Pools need to breathe to allow the CO2 to out gas’s and for the suns UV to get rid of the CCs. If a pool is not uncovered occasionally it gets the stinky chlorine small caused by CCs.

The sun does not penetrate water columns or disinfect beyond the CCs.

Good info being advised here by all, and a very interesting heater - that Aquastrong 33K and its sister models, nice discovery! A few more things that occurred to me…

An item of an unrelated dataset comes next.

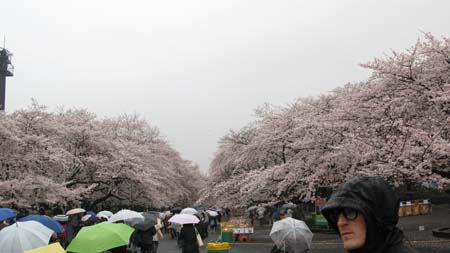 Japan_10_Tourist_110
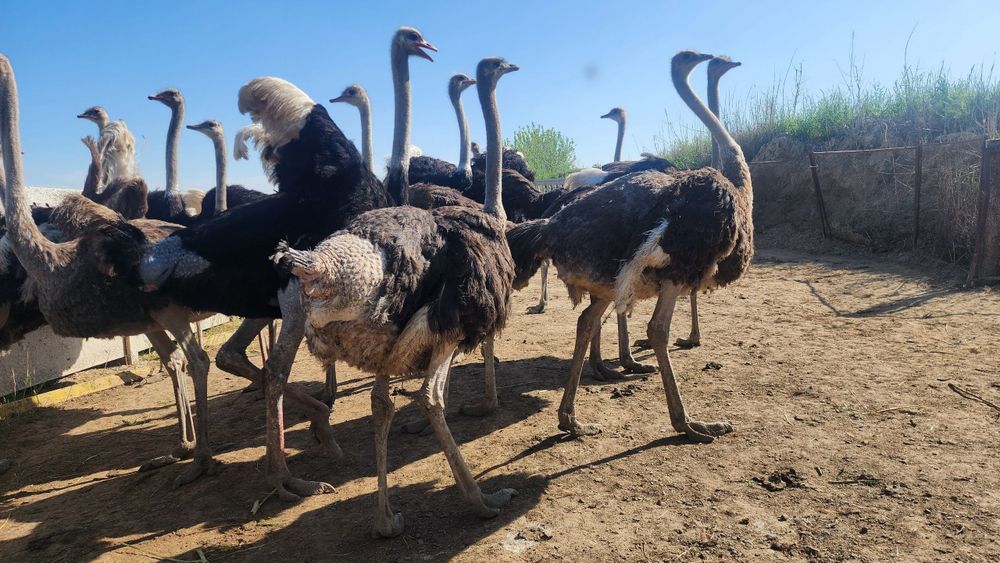 Tuyaqushlar sotiladi tuxumlaydi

Speaking of wind and ripples aggravating heat loss, it seems to me anything that agitates the water will also increase heat loss. My spa overflow surely aggravates the loss, not sure how much with a cover on and no spa, but surely “some” loss through agitation and, when the heater is off, cooling the water through the filter, heat exchanger and piping. So you might want to consider adding a small amount of cheap automation (or just set some free scheduling on the pump and heater) to only run the pump when the heater is running. Another option: The heater seems to have a pump interface, perhaps intended to drive a relay to turn the pump on. Otherwise you could experiment with the pump and heater schedules to get the needed balance of water filtration turnover and heat run time. I don’t personally see much difference between the wall skimmer or floating skimmer, but I too don’t have any experience with a floater (or with an above ground pool for that matter, LOL). Just that either way, with the cover on, either skimmer is ineffective for debris gathering. Another option is to valve off the skimmer when the cover is on, unless your skimmer is the only water inlet of course (I guess it is since that is an above ground pool we’re discussing?). Okay, maybe wasting your time, so onward…

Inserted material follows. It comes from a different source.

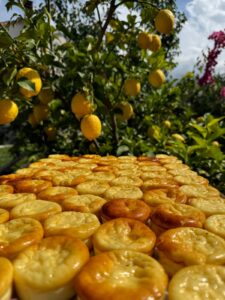 WhatsApp Image 2025 03 06 à 15.14.28 62aae040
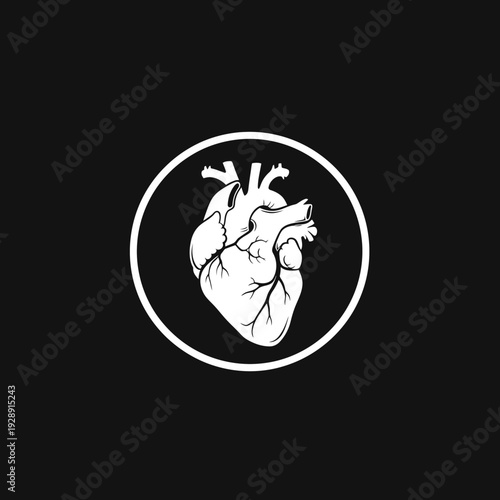 Intricate anatomical heart illustration framed within a pristine circle, symbolizing health, human vitality, and core medical science with a clean, symmetrical graphic design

For anyone reading this with an inground pool, some folks go to the trouble of implementing “flow reversal” so that the heated water exits the main drain during cooler seasons. This claims to have two impacts: 1) Reduction in the thermocline felt when you jump in and, 2) Claims that there is far less evap & heat loss since all the hot water isn’t always in the top of the pool. I implemented a cheapo version of flow reversal via having the pool side return jets point downward and closing a lot of the skimmer valve off (eg halfway) so that more heated water does get to the bottom. Not sure how much heat it saves but my wife appreciates the elimination of the thermocline Some documentation and similar solutions start here on flowreversalpool.com.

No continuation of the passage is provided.